Associated Press | Regulators need more time to figure out what
caused last week’s stock market plunge, the head of the Securities and
Exchange Commission told a congressional panel Tuesday.
SEC Chairman Mary Schapiro said her agency has yet to pinpoint the
reason for the sell-off that sent the Dow Jones industrial average down
nearly 1,000 points in less than half an hour, stunning Wall Street and
Washington.
“We will move as quickly as we can but I can’t give you a final date,”
Schapiro said at a hearing examining the historic market drop.
“We are unable to point to a single event which could be the sole cause” at this point in the SEC’s investigation, Schapiro testified.
But some causes have been ruled out: The agency’s review found no evidence of terrorist activity or computer hacking. There also was no evidence “that this was done in any kind of a malicious way,” Schapiro told the House Financial Services subcommittee on capital markets.
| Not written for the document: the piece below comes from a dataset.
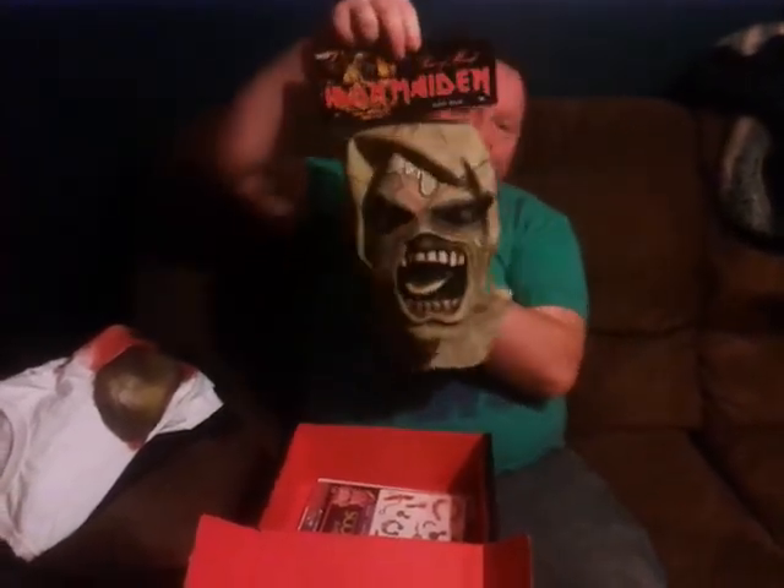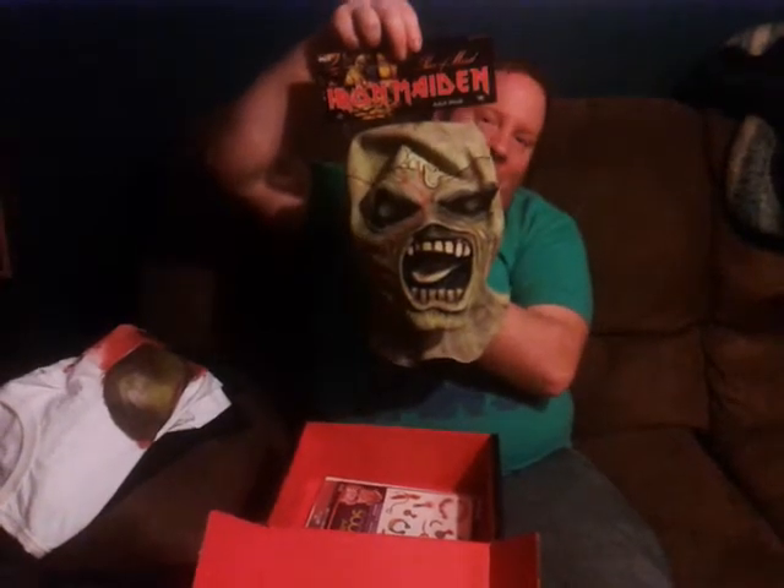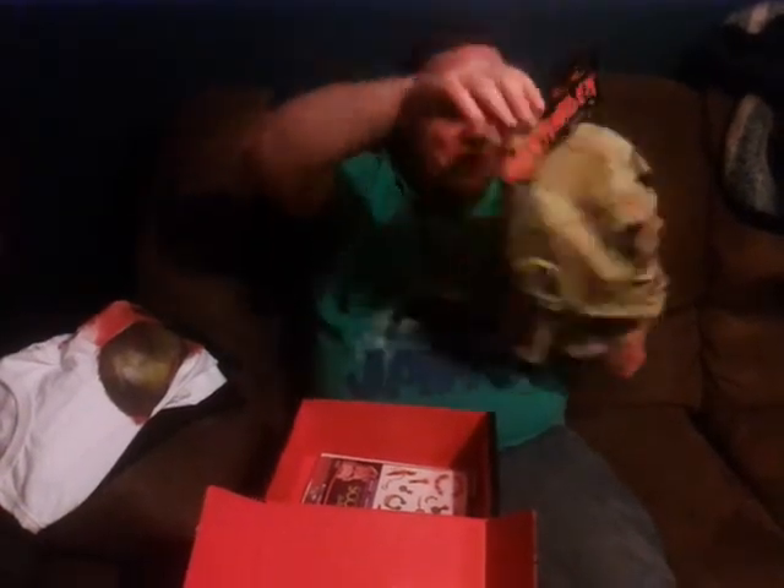We got a mask — we got an Iron Maiden Eddie mask. The worst part is I own this one already, so we'll see. Maybe I'll put it on display or sell it or what. And we've got costume tattoos — pretty weird and neat.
She said the scenario of a “fat finger” error, involving the typing of billions of shares rather than the intended millions, can’t yet be definitely ruled out as a possible cause of the disruption but that the investigations by the SEC and the exchanges hadn’t found such an error.
Schapiro said establishing a stronger, more uniform system — across all exchanges – for slowing trading during periods of fierce price swings would help.
Six major U.S. securities exchanges on Monday agreed in principle to a uniform system of “circuit breakers,” which could slow trading during sharp market swings. Most of the 50 U.S. exchanges regulate themselves and design their own tools for slowing or halting trading.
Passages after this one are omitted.